Beitrag von Thaddäus » Mo 18. Jan 2016, 08:24

closs hat geschrieben:
Münek hat geschrieben:Die kirchlichen Dogmen sind nicht Rezeptionen eines "Urbildes", sondern Rezeptionen von Rezeptionen.
Korrekt. - Das ändert nichts an meiner Aussage. - Sowohl für eine Rezeption als auch für die Rezeption einer Rezeption stellt sich die entscheidende Frage, ob sie (geistig) authentisch ist in Bezug auf das Urbild. - Solche Fragen kann die HKM gar nicht stellen und somit gar nicht in medias res des Christentums eindringen.
Diese deine Frage, ist keine sinnvolle Frage, denn ein solches "Urbild", womit offenbar die Summe aller religiösen Ansichten des historischen Jesus gemeint ist, an dem sich Interpretationen zu messen hätten, existiert nicht und kann deshalb auch nicht relevant sein.
Dies ist übrigens die wichtigste Einsicht der literaturwissenschaftlichen Rezeptionsästhetik.
Jesus hat nichts Schriftliches hinterlassen, aus dem man ableiten könnte, welche religiösen Auffassungen er selbst vertrat. Und selbst, wenn er etwas hinterlassen hätte, wären das lediglich seine religiösen Überzeugungen zu einem bestimmten Zeitpunkt seines Wirkens, ließe also die Möglichkeit unberücksichtigt, dass sich Überzeugungen im Laufe seines Lebens geändert haben können (die er nicht mehr schriftlich fixiert hat oder fixieren konnte). Deswegen unterscheidet man bei Autoren in der Regel unterschiedliche Schaffensperioden und betrachtet das Gesamtwerk in seiner Entwicklung.

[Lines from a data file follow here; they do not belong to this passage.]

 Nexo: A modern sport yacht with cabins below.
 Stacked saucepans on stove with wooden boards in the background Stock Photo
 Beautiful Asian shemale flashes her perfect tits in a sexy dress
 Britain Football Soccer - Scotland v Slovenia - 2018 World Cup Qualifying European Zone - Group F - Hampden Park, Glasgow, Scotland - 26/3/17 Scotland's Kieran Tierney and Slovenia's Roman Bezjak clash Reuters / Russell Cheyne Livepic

Zudem müsste auch ein authentisches Jesus-Evangelium interpretiert werden, und wie bei jedem Text wären unterschiedliche Interpretationen möglich, so dass auch ein authentisches Ev. von Jesus selbst, kein zweifelsfreies "Urbild" seiner religiösen Ansichten wäre.

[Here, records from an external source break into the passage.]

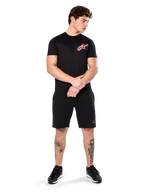 Modello che indossa Alpinestars Attrition Performance Tee, t-shirt performance a maniche corte, nera con logo Astars rosa sul petto, abbinata a pantaloncini e sneakers neri, abbigliamento sportivo casual ispirato al motorsport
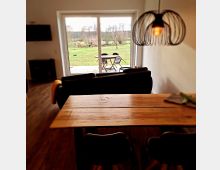 Wohnzimmer mit Esstisch aus Holz, im Hintergrund eine große Glastür, die den Blick auf einen Garten mit Rasen und Bäumen freigibt. Eine Hängeleuchte aus Metall und eine schwarze Couch sind Teil der Einrichtung.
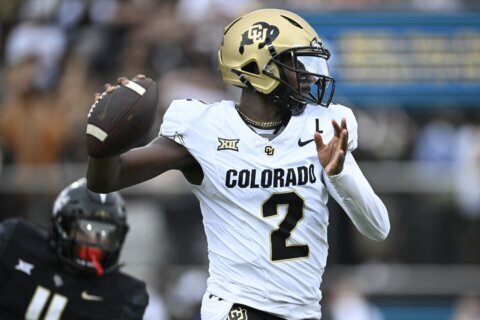 Shedeur Sanders throws for 290 yards, 3 TDs to lead improved Colorado to 48-21 rout of UCF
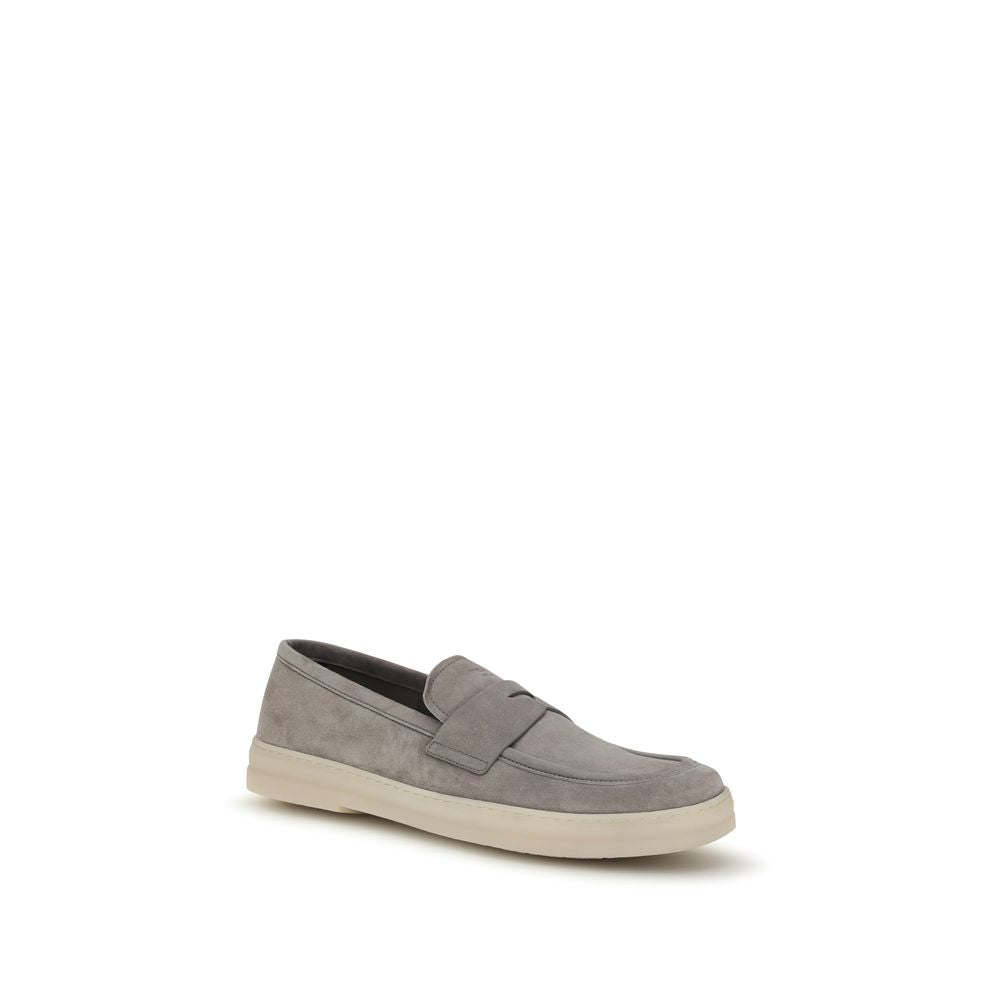 Elevate your style with Prada Gray Calf Leather Bos Taurus Slip-On Loafers, where exquisite craftsmanship meets timeless elegance for the discerning individual.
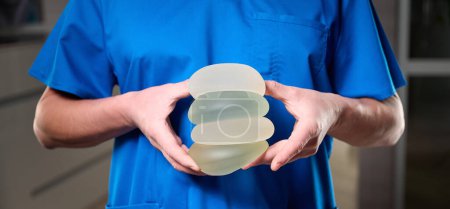 Foto de El primer plano de la cirujana plástica femenina muestra los implantes mamarios a una paciente para su nueva mama. El cirujano plástico sostiene los implantes de silicona mamaria. Concepto de aumento de senos. Muestras de implantes mamarios - Imagen libre de derechos
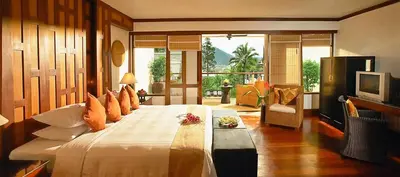 a bedroom with a large bed with a television at Baan Yin Dee Boutique Resort Phuket - SHA Plus in Patong Beach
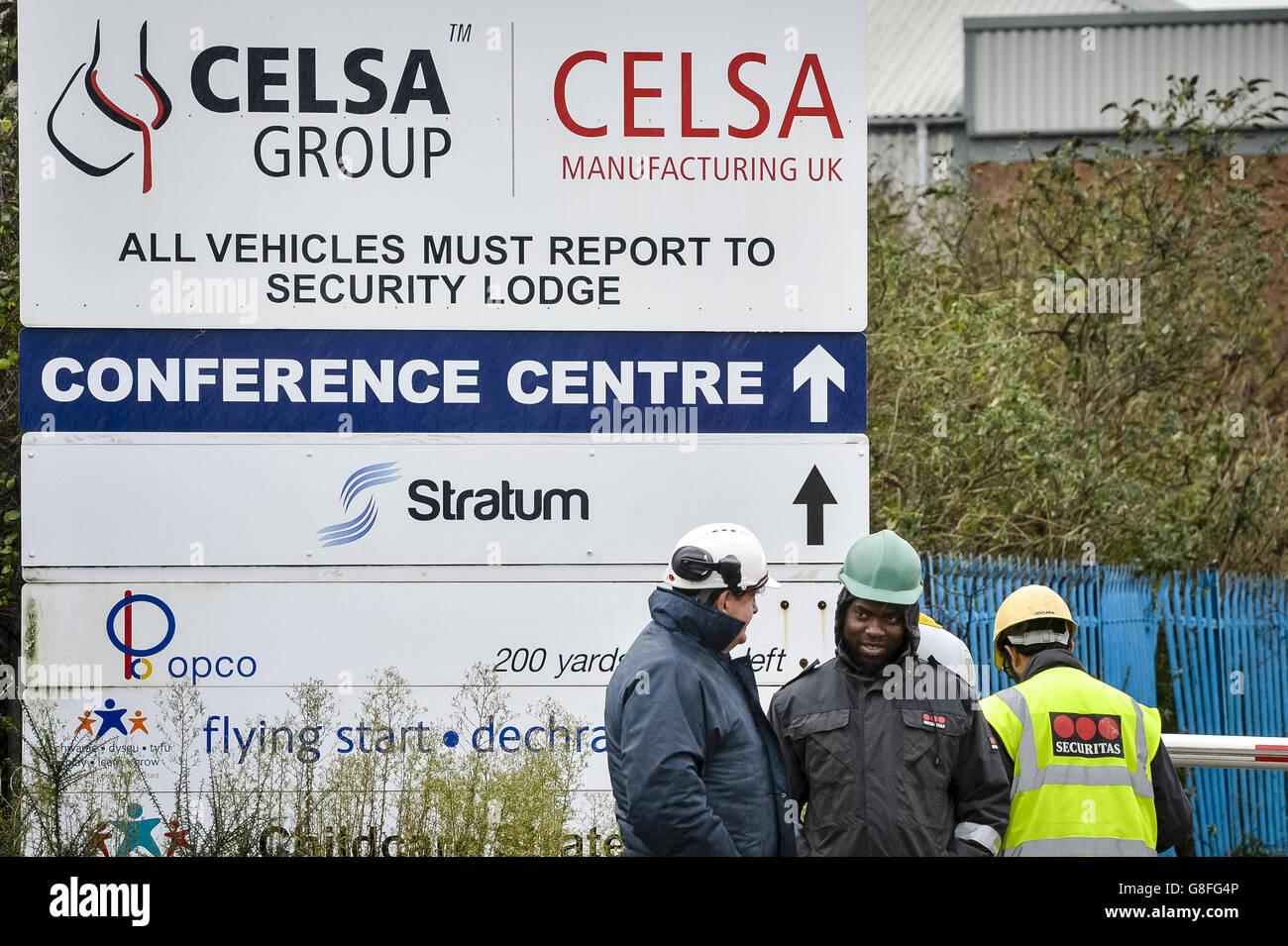 I lavoratori si riuniscono intorno al cancello di sicurezza della fabbrica di produzione di Celsa, dove i servizi di emergenza sono stati chiamati a seguito di un'esplosione. Foto Stock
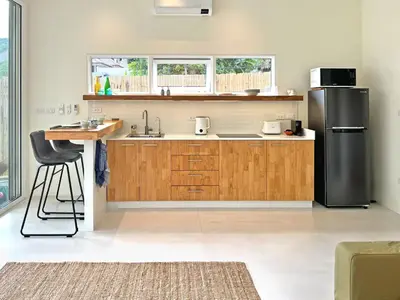 a kitchen with a stainless steel refrigerator and a counter at At the Beach New comfortable Pool Home, Ao Yon Beach, Phuket in Ban Ao Makham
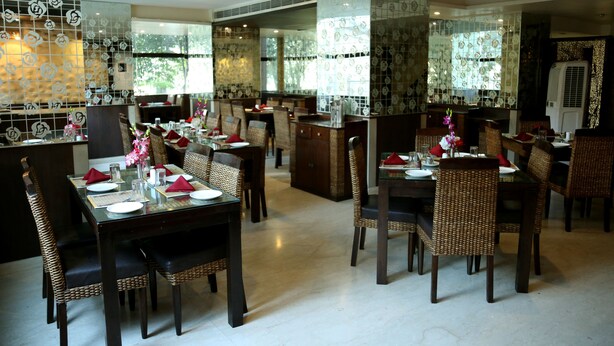 A restaurant with multiple dining tables and chairs, large windows, and decorative wall tiles. - HOTEL ANS INTERNATIONAL (Raigarh)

Hinzu kommt, dass die religiösen Überzeugungen des Juden Jesu selbst eine Rezeption seines jüdischen Glaubens und des AT wären, denn jeder Autor baut auf früheren Texten und deren Inhalten auf. Kein Autor schreibt außerhalb der Geistesgeschichte. Kein Autor kann ausßerhalb der Ideen- und Geistesgeschichte seiner Zeit schreiben. Diese hat immer Einfluss darauf, was der Autor überhaupt denken kann und was nicht. So muss man alle erkenntnistheoretischen Argumentationen Kants bezüglich der Anschauungsformen Raum und Zeit stets vor dem Hintergrund Interpretieren, dass zu dieser Zeit die Relativitätstheorie Einseins mit ihrer Neudefintion der Begriffe Raum und Zeit unbekannt war. Usw.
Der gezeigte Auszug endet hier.